First, I should tell you that these things are not related.

One year ago, we closed on my condo and carried the truly astounding amount of stuff I brought from Texas into my new place. My first place. Hurricane Earl was threatening to blow into Boston, and between that and my own special control-freak neuroses, I couldn’t seem to stop myself from moving continuously up and down the stairs, out to the truck, back in to the apartment, arms laden with boxes of books, clothes, books, picture frames, books, kitchen items, books, bedding . . . you get the idea. And then Dad and I would take ends on the heavy or bulky items, like my giant bookshelf, my couch, my recliner, my tv console. I remember wondering if it would really be worth it to have these items here, doubting virtually every choice I made about what to bring with me (which was, essentially, everything I own not related to horse care) as my arms and legs ached with the effort of carrying each item. My parents and I were utterly exhausted by the end of it, but we got it all in before we quit for the day.

Now, I’m looking around the place that has become home, and you know what?
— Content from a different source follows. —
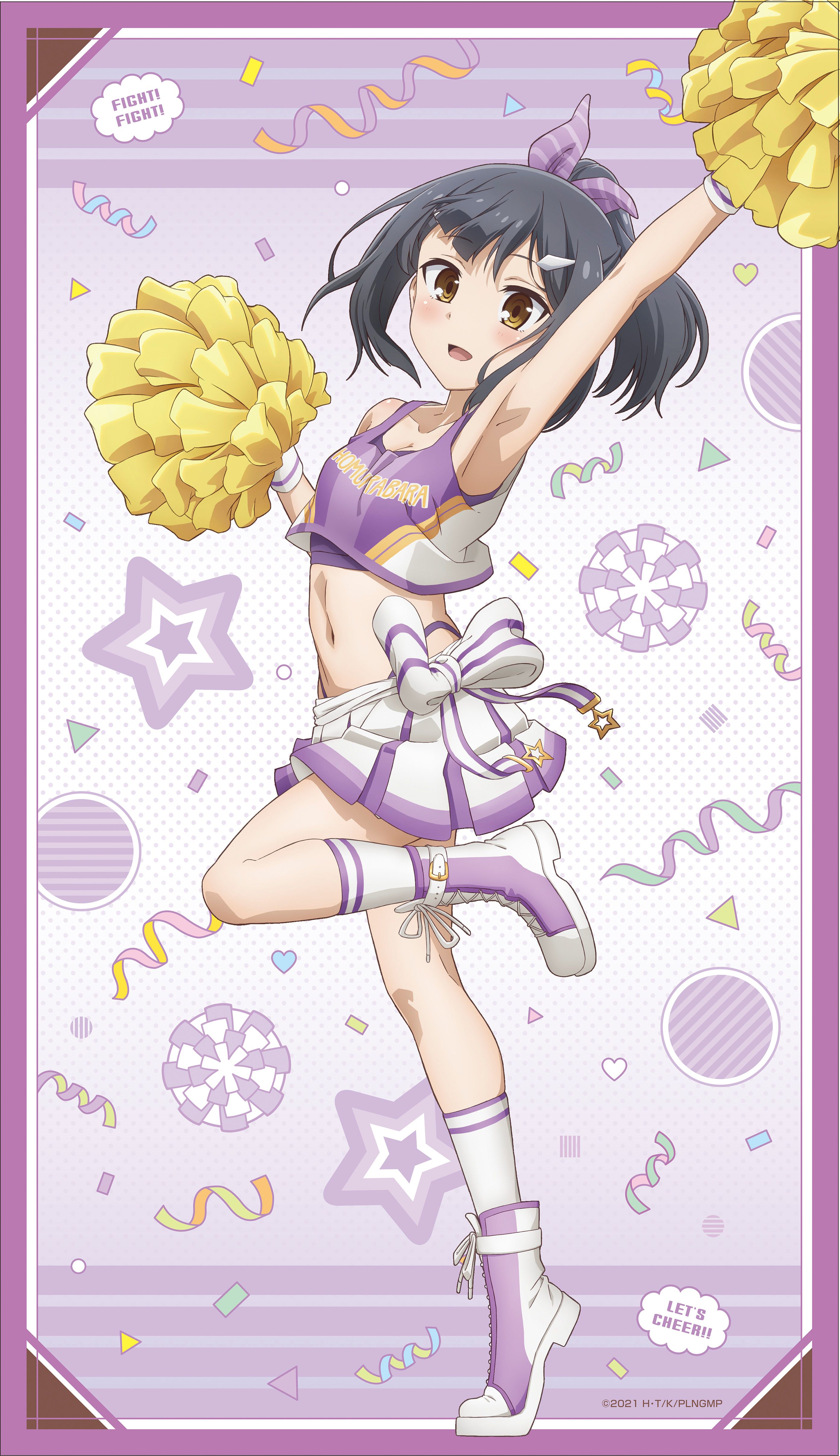 プリズマイリヤ 結ばれた絆 美遊 SP PSA10 プリズマイリヤ 結ばれた絆 美遊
I love this place. I love the way it stretches across my building, making the small place feel sprawling and bigger than it really is. I love that you can stand at one end and see all the way through to the other side. These are things that I liked immediately, the first time I walked into the place. After moving in, I quickly came to appreciate how much natural light there is, and how it seems to be soft and beautiful coming into every room. I love being greeted by gentle sunlight as I sip coffee on sleepy mornings, or when I come home after a long day. And this summer, I’ve come to deeply appreciate the way that air moves through this space. I could count the number of times I’ve felt compelled to run my ac units this summer, which is partially due to the mildness of the weather here this year but also partially due to the air flow. I’ve even come to like my tiny bathroom and small, awkwardly shaped kitchen (it’s a backwards L shape). And just this week, I replaced the one thing I truly hated about this place–the ugly, blue, faux woodgrain, formica kitchen countertops–with a beautiful granite.
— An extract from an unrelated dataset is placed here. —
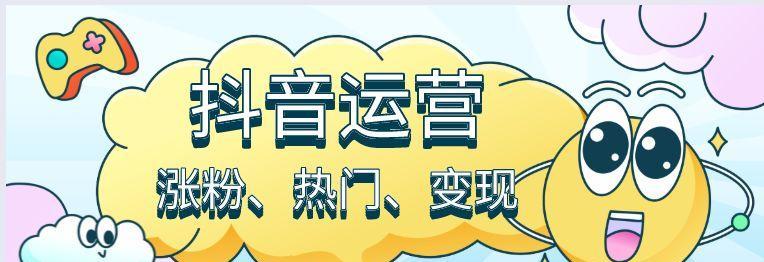 抖音共创视频的魅力（发掘潜力）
Gradually over this year, I’ve made this space my own. I’m glad I’m here, and I’m even glad I brought all my furniture with me. (And books, but that goes without saying.) So glad, in fact, that if I don’t get into a Boston-area university for my PhD, it will break my heart a little to leave this sweet little apartment that’s come to feel almost like a friend.

And speaking of PhD applications, I’ve been studying up to retake the GRE because my old scores are out of date. This week, I started studying for the math section. Ah, math, my old nemesis. I first learned to hate math in second grade, during the timed math drills. My teacher (who, by the way, was possibly the nicest person on the planet) had these gallon-sized ziplock bags with a seemingly infinite supply of math worksheets. We would have thirty minutes to open our ziplocks, pull out a sheet, and work through it. We could spread out around the room and work wherever we wanted, so I always chose the little alcove where our lockers were, maybe because it made me feel hidden. And I would pull out my sheet and work and work, but the time always seemed to go by too quickly for me to finish. If we didn’t finish, we would have to start over on the same sheet the next time. If we finished a sheet before time was up, we could move on to the next. I never finished early and sometimes spent two or three or more drills working on the same sheet. Sometimes I worked on the same sheet often enough to remember the answers to the first few rows of problems. I was deeply embarrassed about it, and convinced that everyone in the class knew how slow I was. Which, of course, didn’t help.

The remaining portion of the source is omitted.